EXERCISE OBJECTIVE. Find, in the records below, the line that contains "favourite-arias-&-finest-performances" and the line that contains "Bibliotheque Luberon Robin". Copy those two lines and everything between them exactly, but not the pictures.

TASK INPUT.

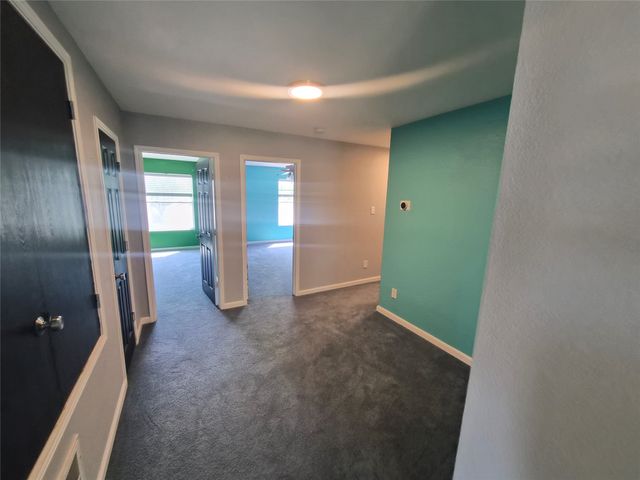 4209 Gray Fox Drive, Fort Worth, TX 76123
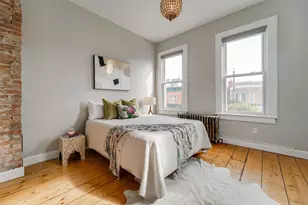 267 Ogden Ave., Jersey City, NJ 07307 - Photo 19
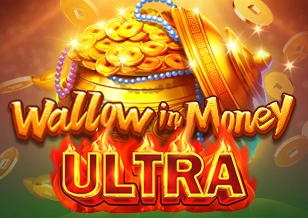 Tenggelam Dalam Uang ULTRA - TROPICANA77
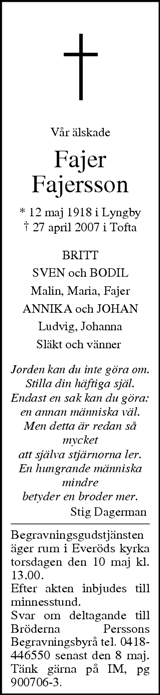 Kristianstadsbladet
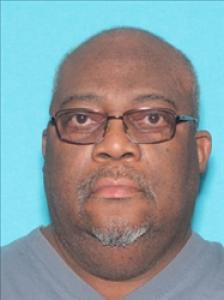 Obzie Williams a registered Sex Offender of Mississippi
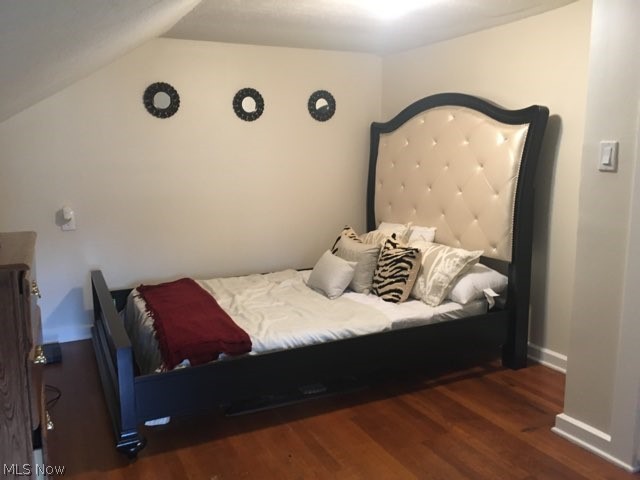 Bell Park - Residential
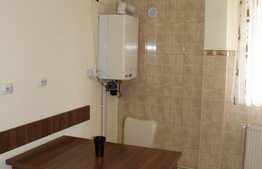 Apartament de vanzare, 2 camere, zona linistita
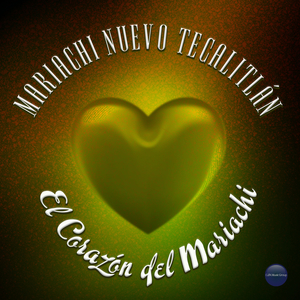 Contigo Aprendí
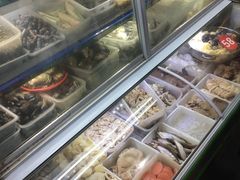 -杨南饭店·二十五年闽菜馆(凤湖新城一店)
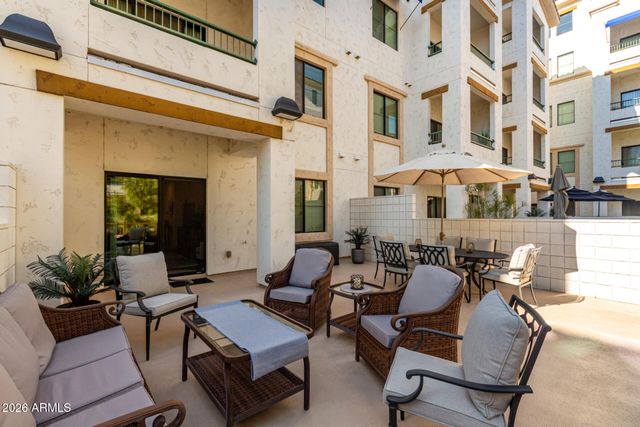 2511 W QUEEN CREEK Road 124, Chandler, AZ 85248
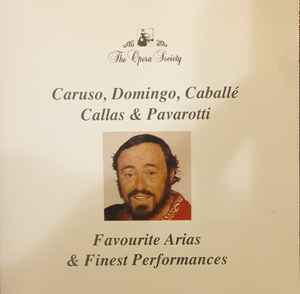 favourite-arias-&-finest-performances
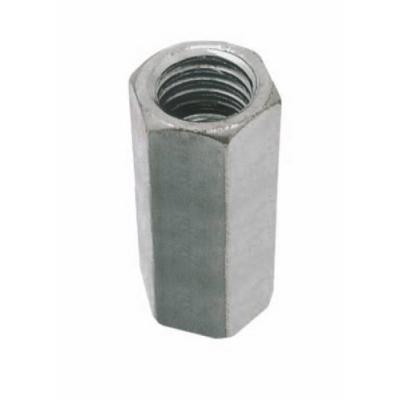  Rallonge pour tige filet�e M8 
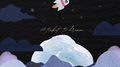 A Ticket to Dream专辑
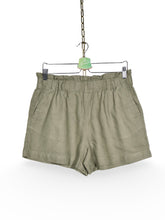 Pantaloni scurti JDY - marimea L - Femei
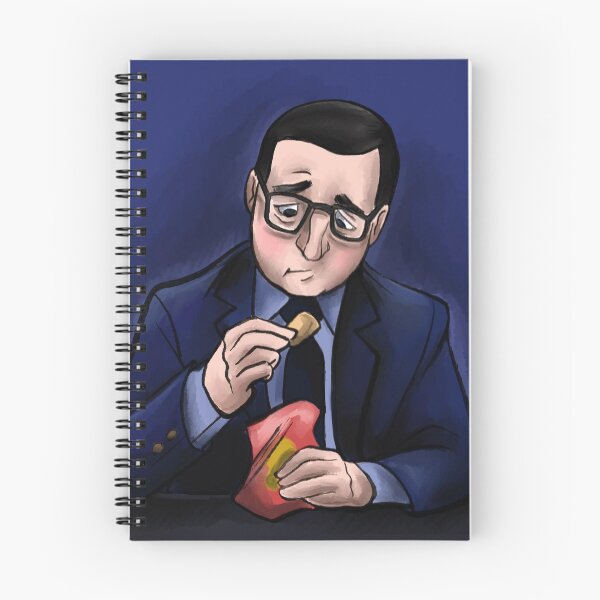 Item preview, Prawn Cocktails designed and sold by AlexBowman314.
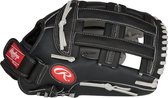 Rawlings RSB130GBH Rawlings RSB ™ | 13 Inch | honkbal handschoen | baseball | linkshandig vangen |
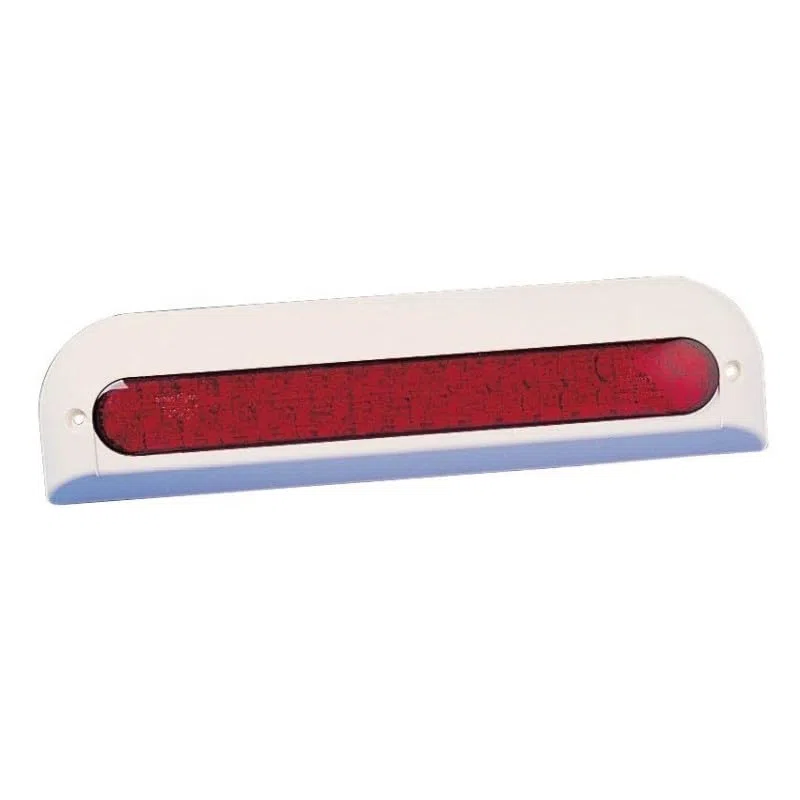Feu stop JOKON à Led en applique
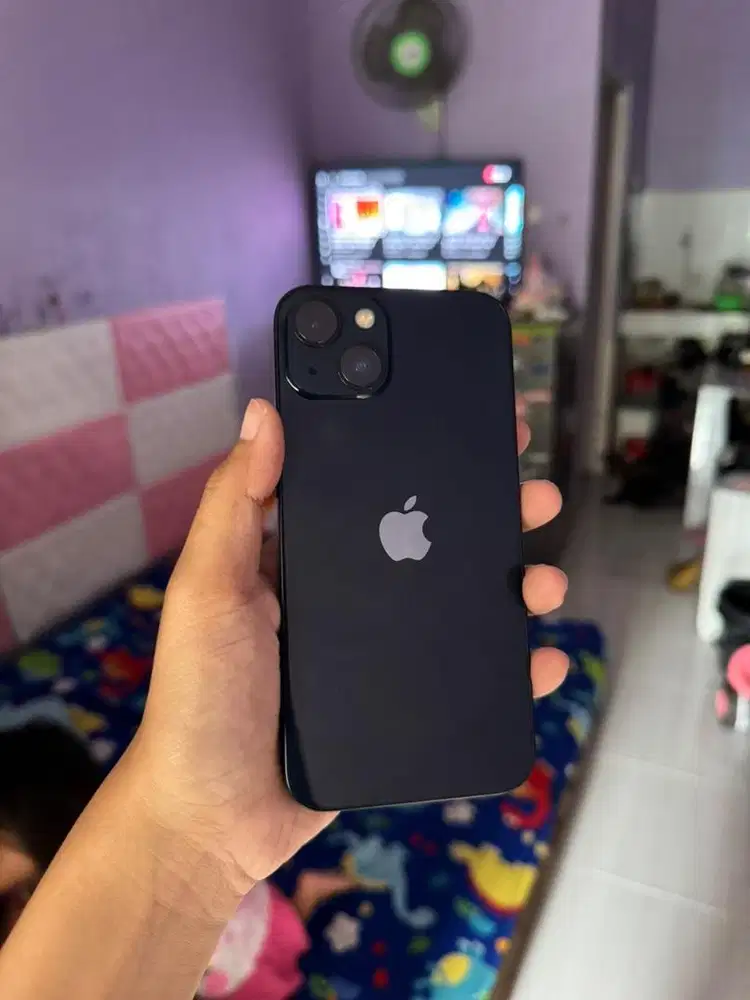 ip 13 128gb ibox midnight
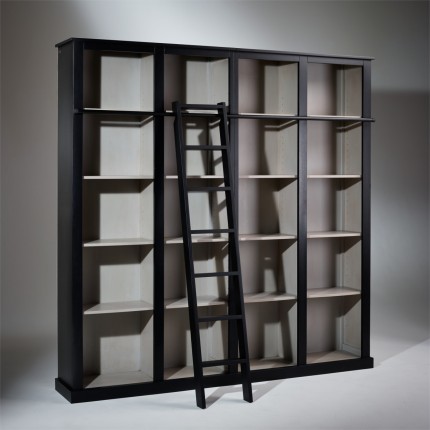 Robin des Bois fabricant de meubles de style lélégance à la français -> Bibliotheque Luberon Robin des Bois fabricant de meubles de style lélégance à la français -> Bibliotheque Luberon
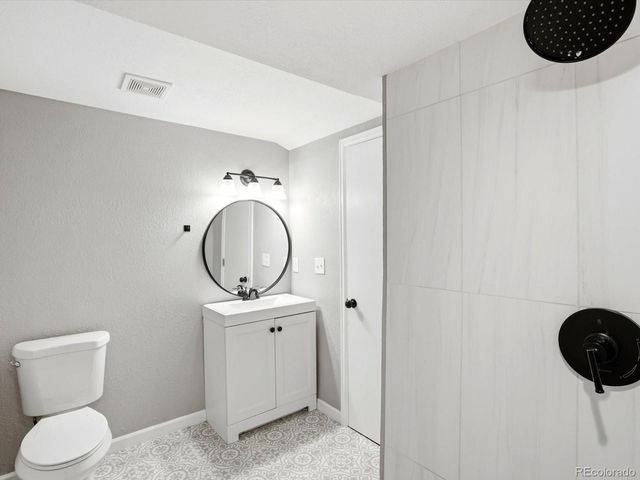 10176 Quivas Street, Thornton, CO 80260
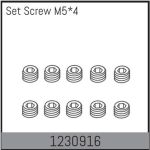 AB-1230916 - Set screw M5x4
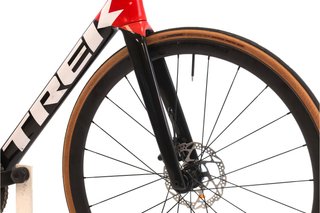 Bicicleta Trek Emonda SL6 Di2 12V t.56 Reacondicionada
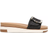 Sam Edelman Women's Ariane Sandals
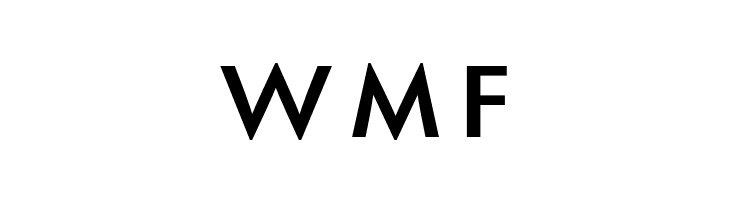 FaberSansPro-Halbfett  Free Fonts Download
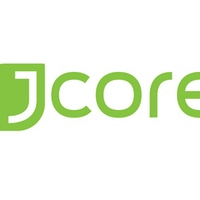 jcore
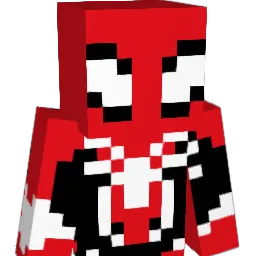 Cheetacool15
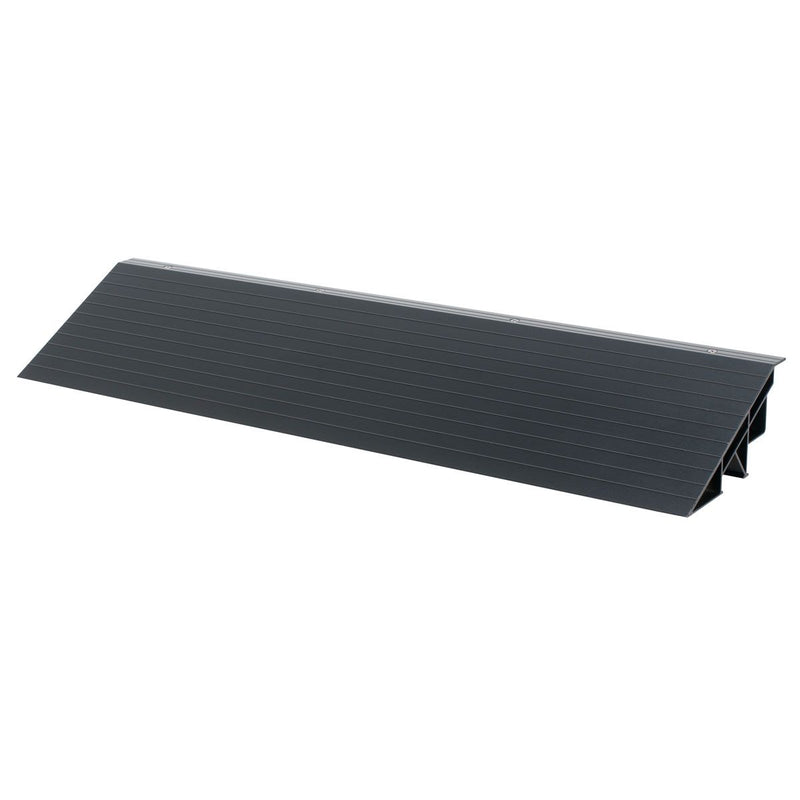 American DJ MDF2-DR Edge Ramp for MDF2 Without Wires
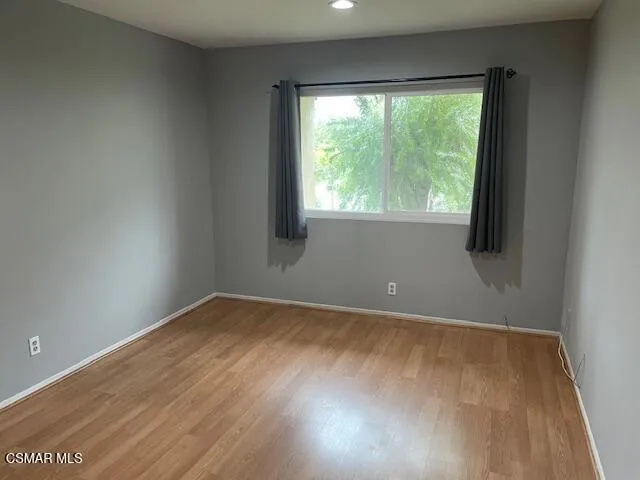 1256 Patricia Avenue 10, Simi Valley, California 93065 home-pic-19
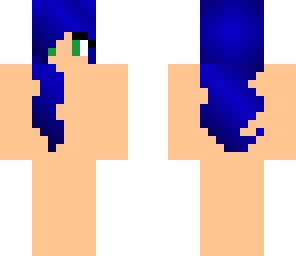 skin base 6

RESULT.
 favourite-arias-&-finest-performances
  Rallonge pour tige filet�e M8 
 A Ticket to Dream专辑
 Pantaloni scurti JDY - marimea L - Femei
 Item preview, Prawn Cocktails designed and sold by AlexBowman314.
 Rawlings RSB130GBH Rawlings RSB ™ | 13 Inch | honkbal handschoen | baseball | linkshandig vangen |
Feu stop JOKON à Led en applique
 ip 13 128gb ibox midnight
 Robin des Bois fabricant de meubles de style lélégance à la français -> Bibliotheque Luberon Robin des Bois fabricant de meubles de style lélégance à la français -> Bibliotheque Luberon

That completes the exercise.